SOMA started creating groups in the northern coastal areas of Cabo Delgado (Palma, Mocímboa, and Macomia) and the original 18 month implementation plan was to move further down the coast until reaching the provincial capital of Pemba City. After only 6 months of fieldwork, insurgent attacks started disrupting Trainers and Groups, and a decision was made to support the relocation of all willing Trainers to Mecufi, Ancuabe, and Chiúre, in the southern part of the province, where groups could be created in relative security.
The timeline above represents the number of groups that were created in the platform throughout the project implementation, and perfectly illustrates the disruption created by the insurgency attacks. When group creation started in February 2017 and throughout that year, groups were being added as they were being created at an average of 2-3 groups per day, following a consistent pattern.
By the beginning of 2018, as the armed insurgency picked up momentum group creation was completely halted, signaling to the management team that fieldwork was being conditioned. As relocation happened in the first half of that year almost no groups were added to the platform, and by the end of the year Trainers were scrambling to register all the new Savings Groups, creating spikes in the timeline.
SOMA was an experimental approach to SG formation which tested a series of program strategies to better understand their impact on cost, quality and effectiveness of the groups. In the end, it was able to reduce the cost of group creation to $20, a threefold decrease from the current $60 average, yet still double the target of $10 per member trained. Additionally, and due to the adversity of conditions in the field, the program was only able to create 357 Savings Groups out of a target of 600, which if achieved, would place the cost of SG creation below $10.

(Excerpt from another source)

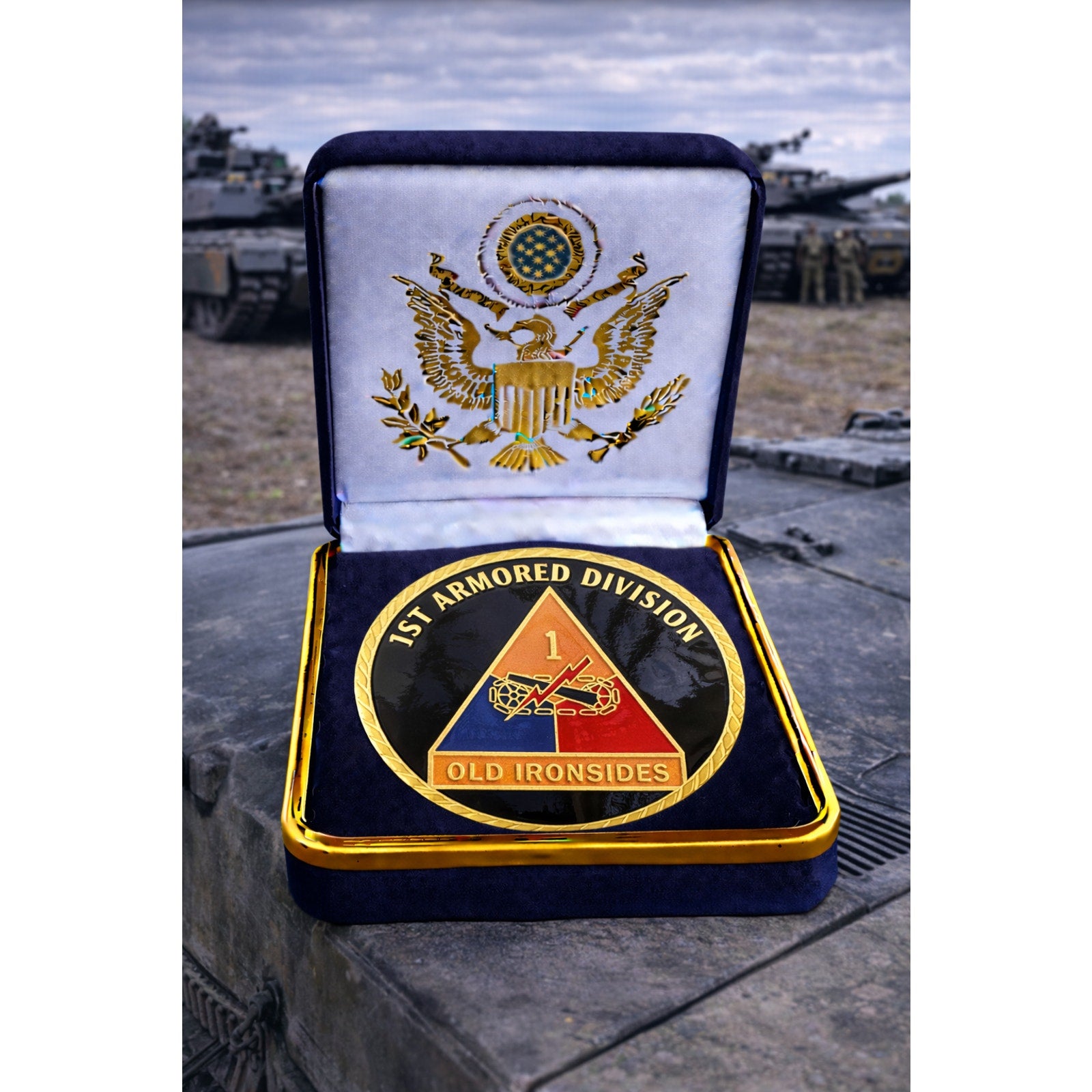 U.S. Army 1st Armored Division Challenge Coin ·FAST SHIPPING· ·NEW·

Aside from making training more affordable, the project sought to deliver additional value for the communities by employing local Trainers, who were able to teach the groups using local dialects. Because these trainers were based on the communities benefiting from the project, they were able to monitor and provide constant support to the groups. In the end, the project was able to directly support 200 Trainers and the 8 Master Trainers, providing them with extra income, smartphones and solar chargers, which they kept after the project stopped operating.

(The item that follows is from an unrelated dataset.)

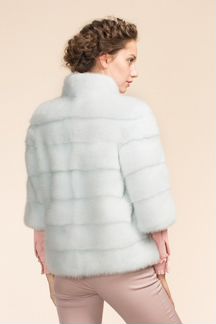 Шуба из норки, автоледи Арт 1156. Размер 44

Overall, SOMA was quite successful in demonstrating that Information and Communication Technologies have potential to lower the cost of supporting disenfranchised groups with very low purchasing power and living in rural areas. When digital tools (applications and platforms) are integrated into the existing telecommunication infrastructure and made to be more inclusive, i.e. without the need for internet connectivity and at zero cost, they have the potential to transform the lives of the poorest and improve the social and financial development of their communities, so they can eventually be part of the next billion people going online.
Finally, SOMA also demonstrates that it is possible to lower the overhead costs of development programs and increase the direct support to local communities by upskilling and employing them to become champions of change. Beyond speaking local languages and being members of these communities, local trainers, when upskilled, are able to continue providing support beyond the development programs, ensuring a lasting legacy to their impact. They are also skilled and committed, and proof of that are the photos that are part of this project expo, who were all taken by the Trainers themselves!